§ **What the task asks**
Going line by line through the listing below, count each line that includes the word "family", and reply with the count only.

§ **Dataset records**
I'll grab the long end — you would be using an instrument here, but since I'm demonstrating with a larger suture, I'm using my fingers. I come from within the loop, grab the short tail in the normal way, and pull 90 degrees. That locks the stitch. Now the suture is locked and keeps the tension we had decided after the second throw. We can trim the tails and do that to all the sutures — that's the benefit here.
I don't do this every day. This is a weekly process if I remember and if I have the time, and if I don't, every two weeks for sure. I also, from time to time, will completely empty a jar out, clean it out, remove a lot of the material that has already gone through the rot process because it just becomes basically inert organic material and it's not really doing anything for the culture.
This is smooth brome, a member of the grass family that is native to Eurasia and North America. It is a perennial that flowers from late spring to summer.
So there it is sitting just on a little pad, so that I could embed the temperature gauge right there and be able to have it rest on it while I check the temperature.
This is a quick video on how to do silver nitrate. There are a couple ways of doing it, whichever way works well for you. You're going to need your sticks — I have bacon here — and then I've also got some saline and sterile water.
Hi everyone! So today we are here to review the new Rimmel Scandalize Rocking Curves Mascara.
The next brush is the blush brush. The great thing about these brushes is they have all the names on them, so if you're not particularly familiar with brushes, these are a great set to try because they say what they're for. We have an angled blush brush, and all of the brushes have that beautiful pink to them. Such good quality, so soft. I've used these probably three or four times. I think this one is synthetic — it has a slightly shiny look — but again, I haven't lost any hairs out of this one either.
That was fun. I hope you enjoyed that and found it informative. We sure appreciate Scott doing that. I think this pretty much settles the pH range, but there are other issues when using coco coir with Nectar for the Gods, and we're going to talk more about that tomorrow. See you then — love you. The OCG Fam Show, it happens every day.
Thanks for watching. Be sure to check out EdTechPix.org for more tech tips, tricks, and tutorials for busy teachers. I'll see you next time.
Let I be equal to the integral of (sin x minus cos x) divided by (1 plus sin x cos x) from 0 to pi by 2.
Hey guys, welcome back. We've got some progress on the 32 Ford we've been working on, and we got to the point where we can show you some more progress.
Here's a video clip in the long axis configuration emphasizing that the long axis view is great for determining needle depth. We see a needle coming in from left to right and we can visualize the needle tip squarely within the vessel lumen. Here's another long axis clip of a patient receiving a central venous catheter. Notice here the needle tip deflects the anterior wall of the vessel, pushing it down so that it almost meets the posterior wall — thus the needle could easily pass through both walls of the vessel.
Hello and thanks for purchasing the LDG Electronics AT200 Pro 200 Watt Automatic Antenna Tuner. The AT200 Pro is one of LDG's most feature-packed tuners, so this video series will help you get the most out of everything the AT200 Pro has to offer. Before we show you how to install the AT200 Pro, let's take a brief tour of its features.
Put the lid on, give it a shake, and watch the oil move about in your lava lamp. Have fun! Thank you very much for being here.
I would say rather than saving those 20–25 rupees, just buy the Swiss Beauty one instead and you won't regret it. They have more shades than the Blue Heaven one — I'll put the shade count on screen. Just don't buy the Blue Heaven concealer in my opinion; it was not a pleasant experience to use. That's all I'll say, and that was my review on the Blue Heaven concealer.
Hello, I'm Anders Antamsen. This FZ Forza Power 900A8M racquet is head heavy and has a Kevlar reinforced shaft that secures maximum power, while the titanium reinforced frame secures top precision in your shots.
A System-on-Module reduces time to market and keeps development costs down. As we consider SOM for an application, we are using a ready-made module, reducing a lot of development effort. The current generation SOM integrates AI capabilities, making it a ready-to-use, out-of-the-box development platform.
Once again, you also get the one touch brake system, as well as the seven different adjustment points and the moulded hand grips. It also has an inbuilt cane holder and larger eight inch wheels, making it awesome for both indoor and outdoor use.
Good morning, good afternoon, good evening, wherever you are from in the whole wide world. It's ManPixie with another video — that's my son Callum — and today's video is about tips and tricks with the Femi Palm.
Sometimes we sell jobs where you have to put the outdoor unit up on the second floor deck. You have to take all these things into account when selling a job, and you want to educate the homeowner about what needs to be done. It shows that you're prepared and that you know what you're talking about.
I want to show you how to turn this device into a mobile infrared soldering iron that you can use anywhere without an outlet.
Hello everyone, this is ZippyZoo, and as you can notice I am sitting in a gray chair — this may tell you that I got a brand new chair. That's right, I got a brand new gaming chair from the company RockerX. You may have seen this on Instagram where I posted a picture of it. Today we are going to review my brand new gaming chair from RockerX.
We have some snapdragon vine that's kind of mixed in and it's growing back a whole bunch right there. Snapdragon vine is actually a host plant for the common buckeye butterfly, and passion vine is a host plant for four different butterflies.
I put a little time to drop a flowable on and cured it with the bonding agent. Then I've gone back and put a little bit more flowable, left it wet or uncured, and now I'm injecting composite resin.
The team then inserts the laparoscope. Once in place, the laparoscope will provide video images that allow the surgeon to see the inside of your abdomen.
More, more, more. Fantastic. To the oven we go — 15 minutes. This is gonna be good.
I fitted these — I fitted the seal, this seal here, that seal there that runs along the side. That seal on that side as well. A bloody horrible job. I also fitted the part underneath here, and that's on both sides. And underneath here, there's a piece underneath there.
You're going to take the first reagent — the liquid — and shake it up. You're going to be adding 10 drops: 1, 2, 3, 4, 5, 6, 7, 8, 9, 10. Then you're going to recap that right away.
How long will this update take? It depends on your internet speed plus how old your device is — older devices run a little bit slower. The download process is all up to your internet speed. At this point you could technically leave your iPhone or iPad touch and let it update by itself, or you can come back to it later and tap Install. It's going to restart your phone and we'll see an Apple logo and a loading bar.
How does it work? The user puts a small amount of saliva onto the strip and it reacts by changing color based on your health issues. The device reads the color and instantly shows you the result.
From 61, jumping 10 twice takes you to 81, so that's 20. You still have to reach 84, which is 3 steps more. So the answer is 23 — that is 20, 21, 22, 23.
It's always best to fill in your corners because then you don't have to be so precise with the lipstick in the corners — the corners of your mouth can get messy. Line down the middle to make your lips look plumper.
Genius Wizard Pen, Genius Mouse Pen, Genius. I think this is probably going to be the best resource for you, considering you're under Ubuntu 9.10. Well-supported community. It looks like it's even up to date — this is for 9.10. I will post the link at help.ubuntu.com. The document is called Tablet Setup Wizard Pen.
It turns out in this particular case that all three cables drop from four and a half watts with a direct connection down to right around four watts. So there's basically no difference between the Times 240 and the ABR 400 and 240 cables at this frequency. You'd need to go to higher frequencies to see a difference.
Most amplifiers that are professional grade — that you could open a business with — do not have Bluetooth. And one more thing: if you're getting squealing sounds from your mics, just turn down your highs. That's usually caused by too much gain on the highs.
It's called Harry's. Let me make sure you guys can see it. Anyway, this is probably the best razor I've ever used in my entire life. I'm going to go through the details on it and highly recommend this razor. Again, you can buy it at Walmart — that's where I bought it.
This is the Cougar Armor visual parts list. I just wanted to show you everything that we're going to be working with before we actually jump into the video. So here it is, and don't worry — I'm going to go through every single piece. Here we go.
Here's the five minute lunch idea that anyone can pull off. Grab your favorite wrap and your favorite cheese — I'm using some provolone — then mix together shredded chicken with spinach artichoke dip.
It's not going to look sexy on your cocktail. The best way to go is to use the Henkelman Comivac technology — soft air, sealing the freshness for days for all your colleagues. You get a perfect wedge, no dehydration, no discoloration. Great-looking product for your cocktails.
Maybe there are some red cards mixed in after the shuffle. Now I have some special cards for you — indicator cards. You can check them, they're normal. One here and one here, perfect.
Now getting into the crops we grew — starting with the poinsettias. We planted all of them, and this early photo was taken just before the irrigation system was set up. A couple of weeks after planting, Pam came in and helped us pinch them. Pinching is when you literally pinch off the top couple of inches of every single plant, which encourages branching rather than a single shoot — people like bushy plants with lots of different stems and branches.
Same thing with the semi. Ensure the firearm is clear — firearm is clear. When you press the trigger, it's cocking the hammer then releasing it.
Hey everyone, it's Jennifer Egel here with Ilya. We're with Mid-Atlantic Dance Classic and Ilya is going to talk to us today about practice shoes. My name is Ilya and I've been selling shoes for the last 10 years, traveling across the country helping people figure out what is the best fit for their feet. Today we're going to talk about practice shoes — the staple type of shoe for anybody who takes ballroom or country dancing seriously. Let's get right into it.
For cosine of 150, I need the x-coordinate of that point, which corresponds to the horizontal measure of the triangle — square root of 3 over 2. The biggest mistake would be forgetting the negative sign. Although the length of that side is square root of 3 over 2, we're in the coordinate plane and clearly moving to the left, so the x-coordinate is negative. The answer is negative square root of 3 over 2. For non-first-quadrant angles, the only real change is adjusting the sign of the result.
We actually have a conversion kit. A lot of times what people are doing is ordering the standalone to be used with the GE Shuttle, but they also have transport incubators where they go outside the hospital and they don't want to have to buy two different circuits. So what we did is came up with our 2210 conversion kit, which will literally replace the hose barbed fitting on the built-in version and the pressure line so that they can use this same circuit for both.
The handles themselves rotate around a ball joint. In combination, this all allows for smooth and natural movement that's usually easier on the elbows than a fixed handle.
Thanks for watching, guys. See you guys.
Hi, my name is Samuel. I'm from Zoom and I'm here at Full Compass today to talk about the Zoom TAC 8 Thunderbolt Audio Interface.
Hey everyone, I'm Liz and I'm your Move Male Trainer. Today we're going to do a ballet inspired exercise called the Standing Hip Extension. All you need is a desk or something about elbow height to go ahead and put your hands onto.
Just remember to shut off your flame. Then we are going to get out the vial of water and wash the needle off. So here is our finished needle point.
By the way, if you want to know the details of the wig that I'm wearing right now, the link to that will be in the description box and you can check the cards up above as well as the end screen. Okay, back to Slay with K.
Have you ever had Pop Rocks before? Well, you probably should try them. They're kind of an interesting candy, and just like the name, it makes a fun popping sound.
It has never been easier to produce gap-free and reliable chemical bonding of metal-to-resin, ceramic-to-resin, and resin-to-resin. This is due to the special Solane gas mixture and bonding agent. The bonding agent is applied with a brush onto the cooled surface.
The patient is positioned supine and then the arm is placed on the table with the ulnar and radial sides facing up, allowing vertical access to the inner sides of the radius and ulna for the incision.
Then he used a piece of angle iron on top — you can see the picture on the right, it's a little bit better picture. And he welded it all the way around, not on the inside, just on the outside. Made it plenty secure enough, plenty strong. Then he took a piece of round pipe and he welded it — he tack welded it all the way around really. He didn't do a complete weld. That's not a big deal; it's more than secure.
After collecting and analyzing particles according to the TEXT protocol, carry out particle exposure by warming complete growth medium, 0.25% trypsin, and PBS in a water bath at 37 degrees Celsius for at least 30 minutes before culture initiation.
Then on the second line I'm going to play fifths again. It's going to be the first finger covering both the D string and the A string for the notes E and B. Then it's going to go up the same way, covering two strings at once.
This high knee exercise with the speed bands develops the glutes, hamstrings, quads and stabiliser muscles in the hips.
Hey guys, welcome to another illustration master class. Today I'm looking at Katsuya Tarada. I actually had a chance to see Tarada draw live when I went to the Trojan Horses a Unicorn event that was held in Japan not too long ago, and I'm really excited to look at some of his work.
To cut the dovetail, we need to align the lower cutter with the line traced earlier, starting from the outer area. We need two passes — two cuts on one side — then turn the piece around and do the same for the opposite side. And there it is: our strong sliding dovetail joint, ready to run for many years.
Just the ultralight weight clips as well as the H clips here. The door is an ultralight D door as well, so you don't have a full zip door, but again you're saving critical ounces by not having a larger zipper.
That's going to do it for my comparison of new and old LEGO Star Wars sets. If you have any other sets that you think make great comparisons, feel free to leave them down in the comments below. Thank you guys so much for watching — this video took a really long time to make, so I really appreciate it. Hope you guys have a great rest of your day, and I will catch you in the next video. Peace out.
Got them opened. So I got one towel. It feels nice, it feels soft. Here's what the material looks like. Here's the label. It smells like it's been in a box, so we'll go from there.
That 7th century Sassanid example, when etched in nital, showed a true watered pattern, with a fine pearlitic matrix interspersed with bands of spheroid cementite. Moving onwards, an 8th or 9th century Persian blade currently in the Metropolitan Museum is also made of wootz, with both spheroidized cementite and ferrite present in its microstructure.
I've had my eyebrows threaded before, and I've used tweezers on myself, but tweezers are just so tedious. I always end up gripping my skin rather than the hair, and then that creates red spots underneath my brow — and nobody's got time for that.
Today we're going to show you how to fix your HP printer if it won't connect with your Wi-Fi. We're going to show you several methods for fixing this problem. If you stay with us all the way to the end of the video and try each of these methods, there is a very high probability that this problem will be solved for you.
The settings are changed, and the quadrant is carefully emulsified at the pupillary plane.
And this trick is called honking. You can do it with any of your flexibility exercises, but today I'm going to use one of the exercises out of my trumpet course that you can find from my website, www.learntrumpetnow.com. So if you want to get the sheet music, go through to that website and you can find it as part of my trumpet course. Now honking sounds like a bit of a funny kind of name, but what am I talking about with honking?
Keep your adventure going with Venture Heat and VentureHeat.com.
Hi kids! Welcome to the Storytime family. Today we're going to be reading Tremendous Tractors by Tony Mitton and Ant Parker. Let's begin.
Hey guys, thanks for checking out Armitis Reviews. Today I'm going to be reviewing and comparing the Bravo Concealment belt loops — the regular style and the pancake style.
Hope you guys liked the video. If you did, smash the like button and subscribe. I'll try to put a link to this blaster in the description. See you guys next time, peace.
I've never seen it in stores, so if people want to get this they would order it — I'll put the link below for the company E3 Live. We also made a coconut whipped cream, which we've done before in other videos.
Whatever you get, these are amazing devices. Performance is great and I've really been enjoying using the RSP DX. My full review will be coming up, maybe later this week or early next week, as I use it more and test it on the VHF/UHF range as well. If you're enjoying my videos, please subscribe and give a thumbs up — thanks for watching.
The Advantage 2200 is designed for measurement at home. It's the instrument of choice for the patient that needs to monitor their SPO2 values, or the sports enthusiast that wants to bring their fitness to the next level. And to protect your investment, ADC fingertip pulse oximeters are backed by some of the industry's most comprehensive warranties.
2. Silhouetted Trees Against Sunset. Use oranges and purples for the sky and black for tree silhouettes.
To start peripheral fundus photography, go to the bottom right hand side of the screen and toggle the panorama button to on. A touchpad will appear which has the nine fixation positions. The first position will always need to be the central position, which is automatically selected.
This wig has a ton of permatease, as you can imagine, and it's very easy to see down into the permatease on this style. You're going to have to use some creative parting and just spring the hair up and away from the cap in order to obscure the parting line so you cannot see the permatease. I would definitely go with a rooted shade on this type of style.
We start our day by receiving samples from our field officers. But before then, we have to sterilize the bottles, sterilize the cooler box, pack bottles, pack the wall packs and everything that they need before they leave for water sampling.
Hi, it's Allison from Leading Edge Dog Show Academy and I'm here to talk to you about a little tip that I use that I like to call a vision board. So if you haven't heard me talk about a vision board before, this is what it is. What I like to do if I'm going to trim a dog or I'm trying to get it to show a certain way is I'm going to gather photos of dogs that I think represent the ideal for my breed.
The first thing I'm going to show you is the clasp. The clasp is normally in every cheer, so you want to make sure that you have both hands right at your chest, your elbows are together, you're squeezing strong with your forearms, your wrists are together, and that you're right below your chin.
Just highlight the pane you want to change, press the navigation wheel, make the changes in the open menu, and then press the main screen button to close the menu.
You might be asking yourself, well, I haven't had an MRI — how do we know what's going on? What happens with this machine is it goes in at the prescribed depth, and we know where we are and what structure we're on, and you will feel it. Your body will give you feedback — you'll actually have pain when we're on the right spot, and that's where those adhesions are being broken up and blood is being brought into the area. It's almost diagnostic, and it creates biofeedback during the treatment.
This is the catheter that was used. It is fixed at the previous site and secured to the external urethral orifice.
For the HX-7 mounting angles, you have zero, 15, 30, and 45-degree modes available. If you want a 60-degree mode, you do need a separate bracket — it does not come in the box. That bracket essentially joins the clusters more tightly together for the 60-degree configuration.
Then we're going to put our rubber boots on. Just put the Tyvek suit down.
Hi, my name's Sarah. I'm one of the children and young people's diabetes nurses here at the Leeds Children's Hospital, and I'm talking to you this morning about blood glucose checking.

§ **Task output**
2